Collected material START

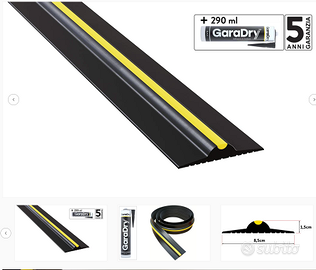 Guarnizione porta garage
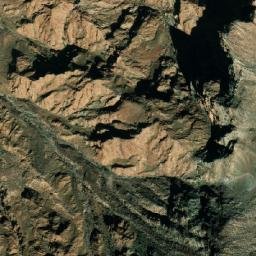 Satellite imagery of Jabal ‘Aqqah, AE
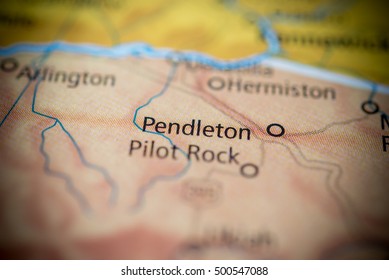 Pendleton, Oregon, USA.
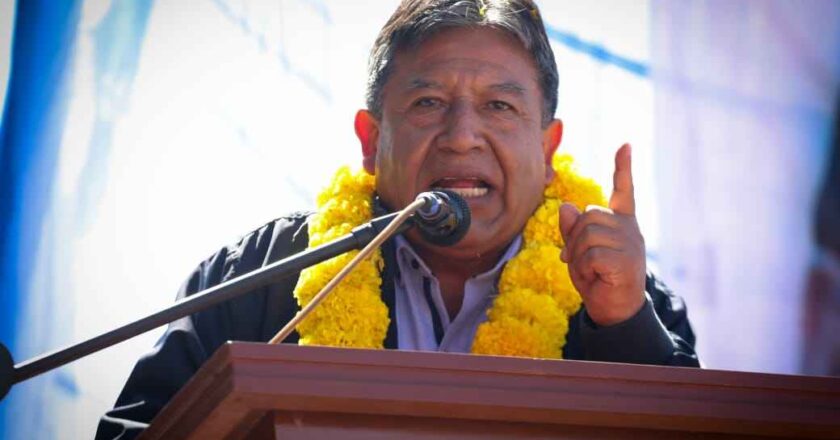 Choquehuanca: “Necesitamos cuidar a nuestros dirigentes, especialmente en las etapas electorales”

Collected material END

--- Goal of the exercise ---
Word for word, reproduce all of the data, but keep out the pictures.

--- Your solution ---
 Guarnizione porta garage
 Satellite imagery of Jabal ‘Aqqah, AE
 Pendleton, Oregon, USA.
 Choquehuanca: “Necesitamos cuidar a nuestros dirigentes, especialmente en las etapas electorales”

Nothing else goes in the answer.